Por isso é válido todo estudo cujo intuito seja a adequação do processo civil ao

paradigma de Estado Democrático de Direito, pois contribui para que a garantia

fundamental do acesso à justiça seja densificada. Embora tais estudos tenham como

principal foco a técnica processual, sua inspiração direta é a principiologia

constitucional, que ganhou novo ânimo com a promulgação da Constituição Federal de

1988.

A conjugação das duas respostas possíveis para o problema da lentidão da prestação

jurisdicional – falta de aparelhamento estatal e o misoneísmo dos exegetas – é que

permitirá que surja uma solução para o caos que se instala. Por conta desse raciocínio,

entende-se que a presente dissertação de mestrado pode ser socialmente e

cientificamente útil.

2. Conclusões específicas

Após as considerações preliminares, deve-se passar às conclusões específicas,

diretamente relacionadas ao questionamento que a dissertação buscou resolver: como o operador do direito deve manejar, nas várias situações que lhe são postas na praxis forense, os requisitos de cabimento e de admissibilidade do julgamento da oposição, com o intuito de garantir um acesso efetivo e qualificado à ordem jurídica justa, à tutela do direito material?

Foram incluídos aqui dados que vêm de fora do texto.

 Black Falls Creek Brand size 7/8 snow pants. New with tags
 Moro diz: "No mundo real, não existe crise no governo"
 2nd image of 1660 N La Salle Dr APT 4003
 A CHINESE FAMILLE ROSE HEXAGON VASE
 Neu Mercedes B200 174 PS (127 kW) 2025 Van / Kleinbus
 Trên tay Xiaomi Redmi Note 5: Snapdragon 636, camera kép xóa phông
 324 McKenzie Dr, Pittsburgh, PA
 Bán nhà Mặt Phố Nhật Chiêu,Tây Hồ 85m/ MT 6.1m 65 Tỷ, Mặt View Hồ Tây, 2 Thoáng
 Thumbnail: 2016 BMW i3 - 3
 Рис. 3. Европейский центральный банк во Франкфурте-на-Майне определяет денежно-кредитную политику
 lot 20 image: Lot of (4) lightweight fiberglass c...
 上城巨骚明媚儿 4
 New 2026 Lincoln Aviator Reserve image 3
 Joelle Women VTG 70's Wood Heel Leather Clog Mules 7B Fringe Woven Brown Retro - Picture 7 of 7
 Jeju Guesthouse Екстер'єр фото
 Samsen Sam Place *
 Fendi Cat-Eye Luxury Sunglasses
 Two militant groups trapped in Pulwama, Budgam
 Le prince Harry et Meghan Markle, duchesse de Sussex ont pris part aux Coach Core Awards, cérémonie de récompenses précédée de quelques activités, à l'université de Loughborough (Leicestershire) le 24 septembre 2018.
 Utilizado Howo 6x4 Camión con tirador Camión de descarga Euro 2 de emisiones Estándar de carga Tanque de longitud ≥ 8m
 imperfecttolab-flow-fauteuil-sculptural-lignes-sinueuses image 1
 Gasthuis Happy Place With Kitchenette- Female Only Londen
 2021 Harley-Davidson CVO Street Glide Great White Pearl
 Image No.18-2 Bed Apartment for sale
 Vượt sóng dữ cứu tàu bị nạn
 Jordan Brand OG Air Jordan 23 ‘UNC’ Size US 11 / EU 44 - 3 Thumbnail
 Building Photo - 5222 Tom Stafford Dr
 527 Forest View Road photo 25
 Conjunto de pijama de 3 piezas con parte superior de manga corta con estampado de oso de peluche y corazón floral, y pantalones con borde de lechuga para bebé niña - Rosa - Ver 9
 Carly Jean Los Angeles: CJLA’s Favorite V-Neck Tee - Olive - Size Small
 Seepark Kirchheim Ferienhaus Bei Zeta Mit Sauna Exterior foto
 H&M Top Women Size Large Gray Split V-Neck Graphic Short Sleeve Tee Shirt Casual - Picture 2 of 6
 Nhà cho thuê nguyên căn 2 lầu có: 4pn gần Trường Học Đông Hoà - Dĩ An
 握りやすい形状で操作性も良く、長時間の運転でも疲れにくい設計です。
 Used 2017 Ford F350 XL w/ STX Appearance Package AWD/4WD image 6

Elenca-se, em tópicos, as conclusões que permitem a obtenção de respostas ao

problema formulado.

2.1. O ponto de partida dessa tentativa de modernização da oposição à luz da

instrumentalidade do processo é verificar, como feito no capítulo 1, que número

expressivo de regras, limites e discussões decorre de tradições milenares, que

remontam ao direito medieval, ao direito português e, mais recentemente ao direito

alemão.

2.2. Por conta dessa origem remota, devem-se afastar diversas concepções que não

mais se sustentam em função do novo paradigma de Estado Democrático de Direito,

que tem, como um de seus vetores, o princípio do amplo acesso ao judiciário.

2.3. Em primeiro plano, deve-se enxergar a oposição não como uma ação, mas sim

como uma demanda, o que significa dizer que esse instituto representa mais uma das

formas de exercício do direito de ação, apresentando nomenclatura própria por conta

de peculiaridades procedimentais geradas pelo legislador para o fim de prover tutela

mais efetiva e eficaz para determinadas situações de direito material.

2.4. Como demanda que é, a oposição se submete a requisitos de admissibilidade, que

necessitam ser interpretados segundo as necessidades do processo, visto como

instrumento de tutela do direito material e não como fim em si mesmo. Dentre esses

requisitos encontram-se os pressupostos processuais e as condições da ação.

2.5. O erro na constituição de um desses requisitos somente deve gerar a nulidade do

processo se houver prejuízo. Essa é a premissa básica de interpretação, tanto em sede

de oposição quanto no emprego de outra técnica de exercício do direito de ação.

2.6. Os pressupostos processuais fracionam-se entre aqueles voltados,

primordialmente, ao interesse das partes e aqueloutros cujo intuito imediato é o

interesse do estado. A inexata configuração ou a ausência de pressupostos

processuais da segunda espécie produz nulidade independentemente de prejuízo, o

que foge à regra enunciada.

2.7. Quanto às condições da ação, assume-se a postura reducionista de Bedaque,

dando-se destaque, ao interesse processual na modalidade adequação, visto que a

restrição ao cabimento da oposição no decurso de algumas espécies de procedimento

(como o sumário, o sumaríssimo, o coletivo) é restrição que não se coaduna com o

ideal de abertura dos canais de acesso ao judiciário.

2.8. O enfoque atual dado aos temas do cabimento e dos requisitos de admissibilidade

em sede de oposição permite que esse milenar instituto possa ser empregado, nos dias

de hoje, de forma consentânea com o arcabouço constitucional a que serve.